## SUPPLIED RECORDS

= Beginning of Section =

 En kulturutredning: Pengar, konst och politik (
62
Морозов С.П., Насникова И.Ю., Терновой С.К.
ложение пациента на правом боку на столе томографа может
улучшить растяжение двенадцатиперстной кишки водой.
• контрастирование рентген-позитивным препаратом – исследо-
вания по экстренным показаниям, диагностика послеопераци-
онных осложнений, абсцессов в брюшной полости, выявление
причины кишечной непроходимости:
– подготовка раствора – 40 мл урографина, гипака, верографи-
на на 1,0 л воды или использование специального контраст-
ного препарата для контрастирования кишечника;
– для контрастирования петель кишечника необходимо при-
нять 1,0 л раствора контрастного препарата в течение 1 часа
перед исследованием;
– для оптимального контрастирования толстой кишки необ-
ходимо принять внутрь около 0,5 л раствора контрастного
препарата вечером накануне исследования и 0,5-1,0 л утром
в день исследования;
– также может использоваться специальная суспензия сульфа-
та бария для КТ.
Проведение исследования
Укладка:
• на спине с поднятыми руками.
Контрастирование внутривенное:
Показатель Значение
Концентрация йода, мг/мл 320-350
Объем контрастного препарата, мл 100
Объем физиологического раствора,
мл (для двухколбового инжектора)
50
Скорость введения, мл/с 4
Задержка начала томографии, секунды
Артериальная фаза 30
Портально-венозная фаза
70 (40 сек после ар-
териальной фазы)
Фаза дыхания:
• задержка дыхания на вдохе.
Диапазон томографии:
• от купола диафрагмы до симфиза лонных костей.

= End of Section =
= Beginning of Section =

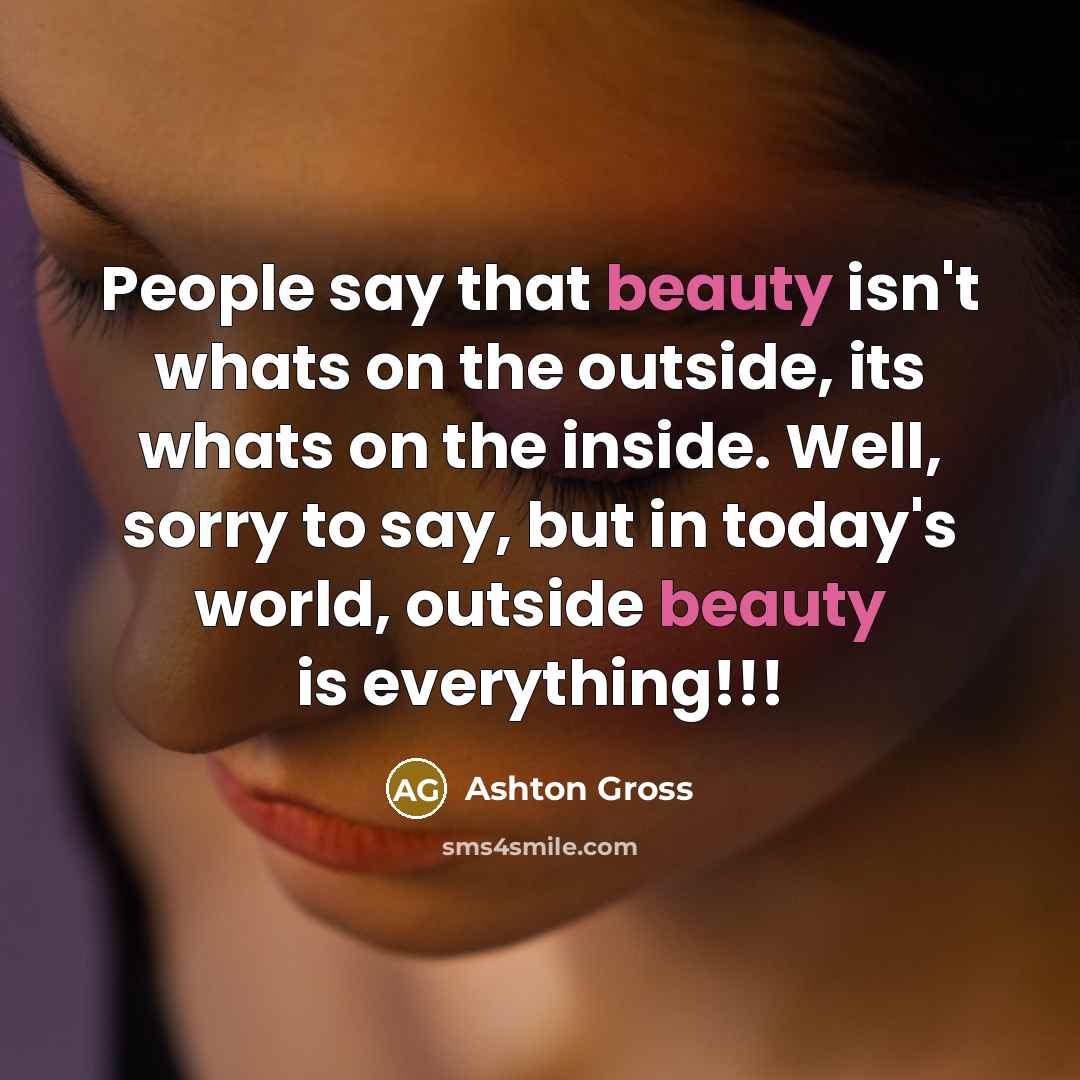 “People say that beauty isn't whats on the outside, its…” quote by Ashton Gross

= End of Section =

## WHAT TO WORK ON
From the records above, transcribe exactly the run of lines that opens with the line holding "в день исследования;" and closes with the line holding "симфиза лонных костей.", both included.

## SOLUTION
в день исследования;
– также может использоваться специальная суспензия сульфа-
та бария для КТ.
Проведение исследования
Укладка:
• на спине с поднятыми руками.
Контрастирование внутривенное:
Показатель Значение
Концентрация йода, мг/мл 320-350
Объем контрастного препарата, мл 100
Объем физиологического раствора,
мл (для двухколбового инжектора)
50
Скорость введения, мл/с 4
Задержка начала томографии, секунды
Артериальная фаза 30
Портально-венозная фаза
70 (40 сек после ар-
териальной фазы)
Фаза дыхания:
• задержка дыхания на вдохе.
Диапазон томографии:
• от купола диафрагмы до симфиза лонных костей.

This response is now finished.